BET inhibition has been shown to have a promising antitumor effect in multiple tumors. However, the impact of BET inhibition on antitumor immunity was still not well documented in HNSCC. In this study, we aim to assess the functional role of BET inhibition in antitumor immunity and clarify its mechanism. We show that BRD4 is highly expressed in HNSCC and inversely correlated with the infiltration of CD8⁺ T cells. BET inhibition potentiates CD8⁺ T cell-based antitumor immunity in vitro and in vivo. Mechanistically, BRD4 acts as a transcriptional suppressor and represses the expression of MHC class I molecules by recruiting G9a. Pharmacological inhibition or genetic depletion of BRD4 potently increases the expression of MHC class I molecules in the absence and presence of IFN-γ. Moreover, compared to PD-1 blocking antibody treatment or JQ1 treatment individually, the combination of BET inhibition with anti-PD-1 antibody treatment significantly enhances the antitumor response in HNSCC. Taken together, our data unveil a novel mechanism by which BET inhibition potentiates antitumor immunity via promoting the expression of MHC class I molecules and provides a rationale for the combination of ICBs with BET inhibitors for HNSCC treatment.

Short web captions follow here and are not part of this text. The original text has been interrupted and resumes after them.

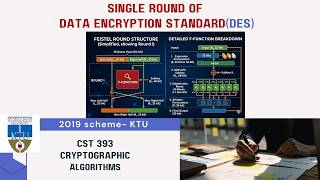 Single Round of DES Algorithm_Module2_part 3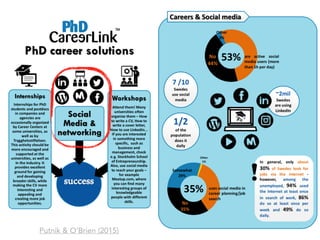 Putnik & O’Brien (2015)
 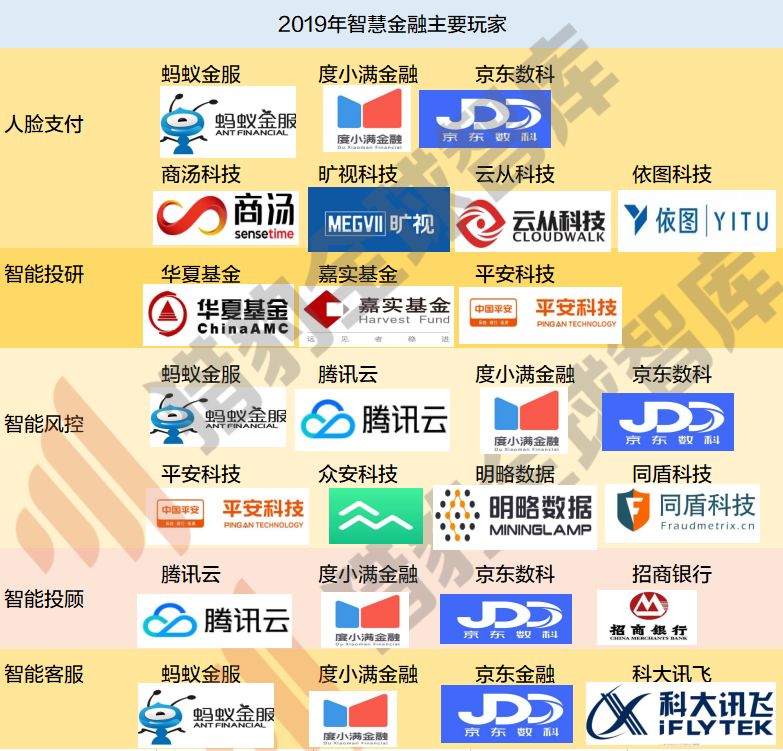 人工智慧的尷尬2019及破局2020，三大技術九大行業解析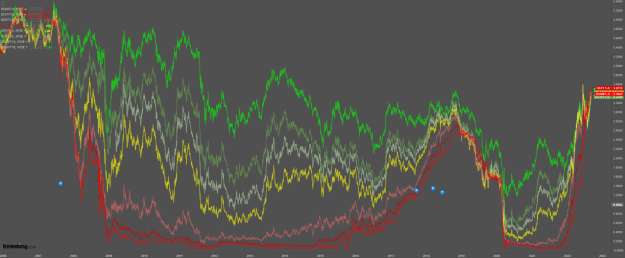 Click to Enlarge

Name: usbonds.PNG
Size: 194 KB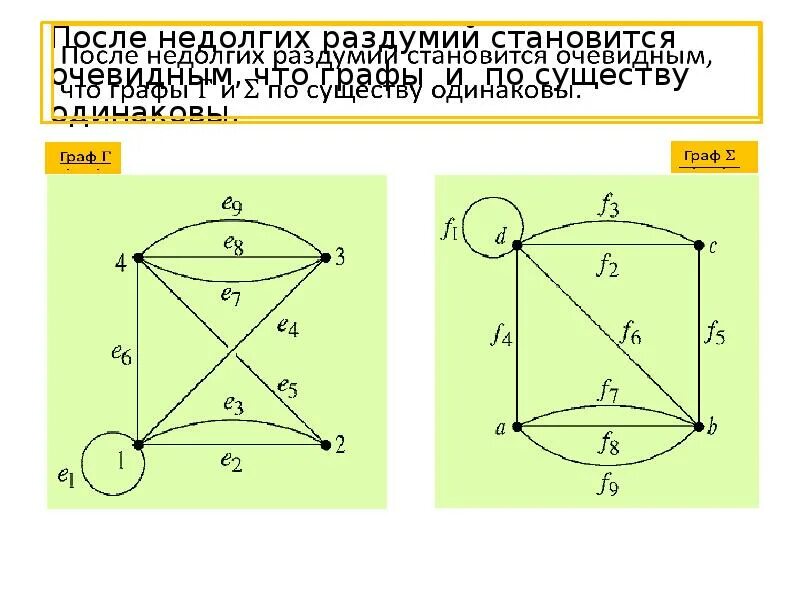 Эйлеров цикл. Эйлеровы и полуэйлеровы графы. Примеры эйлеровых графов. Почему графы одинаковые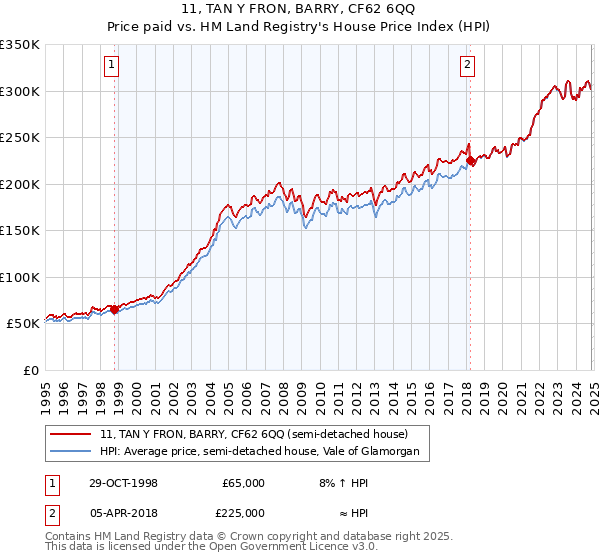 11, TAN Y FRON, BARRY, CF62 6QQ: Price paid vs HM Land Registry's House Price Index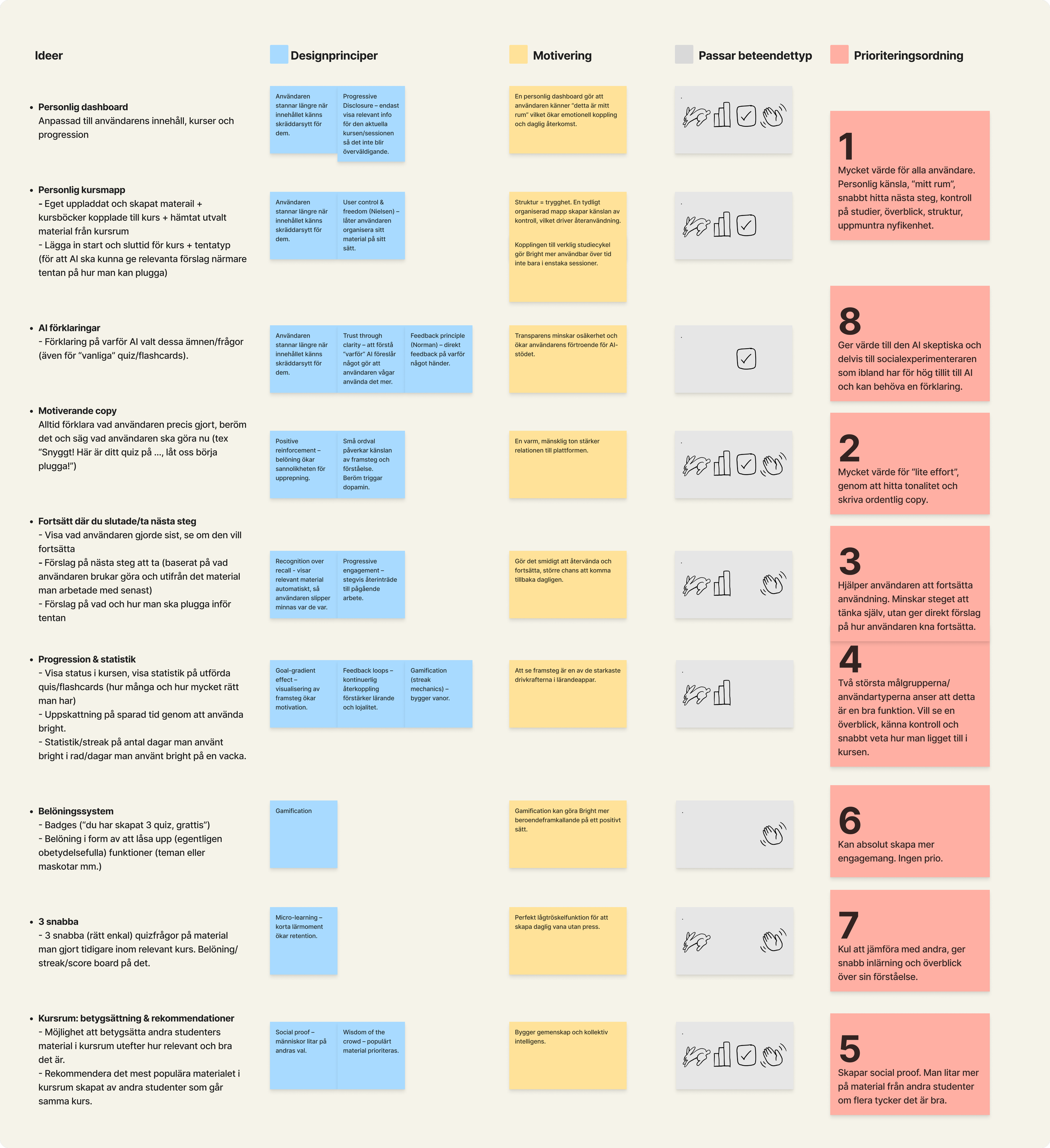 Lista på ideer som möter beteendetypernas behov, krav och önskemål. Tillhörande motivering, prioritering, designprincip och vilken beteendetyp som uppskattar vilken ide bredvid idéerna. 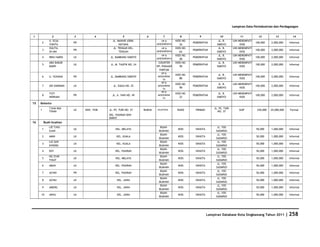 Database Kota Singkawang 2011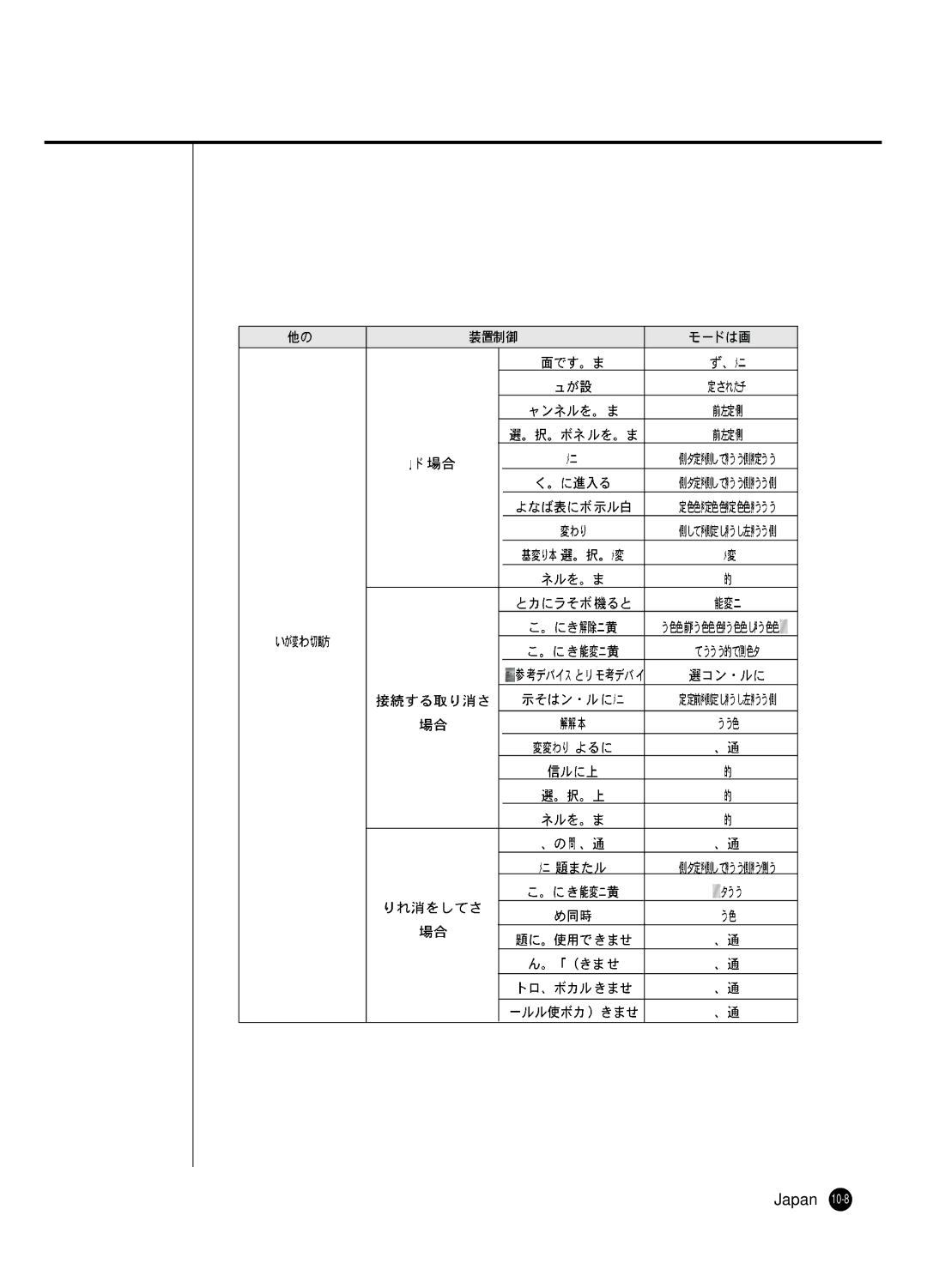 Samsung SHR 2040 user manual Japan 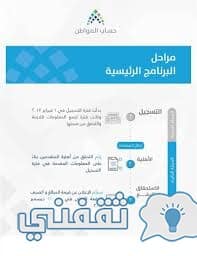 موعد صرف حساب المواطن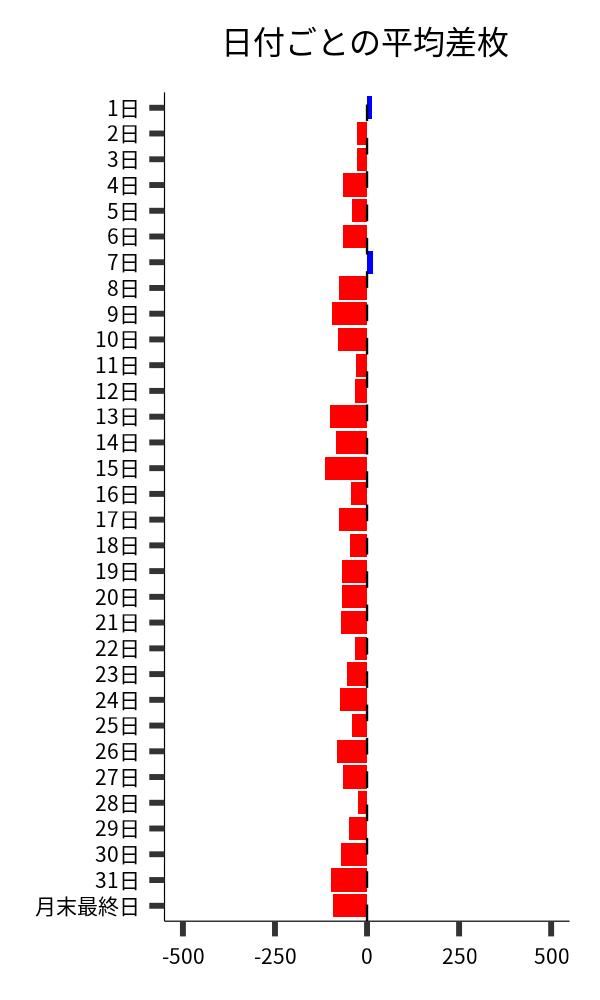 日付ごとの平均差枚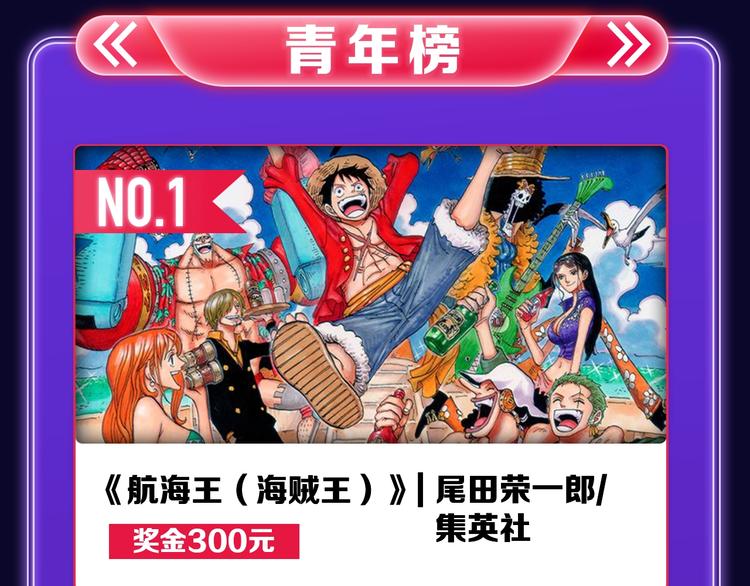 《全民打榜》《再度与你》荣获少女榜冠军！ 第41页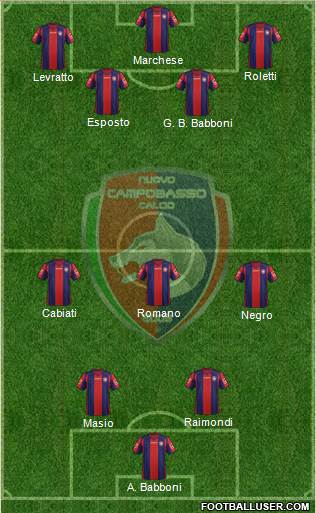 Nuovo Campobasso 3-4-3 football formation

BET 抑制已被证明在多种肿瘤中具有良好的抗肿瘤作用。然而，BET 抑制对 HNSCC 抗肿瘤免疫的影响尚未得到充分记录。在本研究中，我们旨在评估 BET 抑制在抗肿瘤免疫中的功能作用并阐明其机制。^{我们发现 BRD4 在 HNSCC 中高表达，并且与 CD8 +} T 细胞的浸润呈负相关。BET 抑制可增强基于 CD8 ⁺ T 细胞的体外和体内抗肿瘤免疫。从机制上讲，BRD4 作为转录抑制因子，通过招募 G9a 来抑制 MHC I 类分子的表达。在 IFN-γ 不存在和存在的情况下，BRD4 的药理学抑制或基因缺失可有效增加 MHC I 类分子的表达。此外，与单独的PD-1阻断抗体治疗或JQ1治疗相比，BET抑制与抗PD-1抗体治疗的组合显着增强了HNSCC的抗肿瘤反应。总而言之，我们的数据揭示了一种新机制，BET 抑制通过促进 MHC I 类分子的表达来增强抗肿瘤免疫，并为 ICB 与 BET 抑制剂联合治疗 HNSCC 提供了理论依据。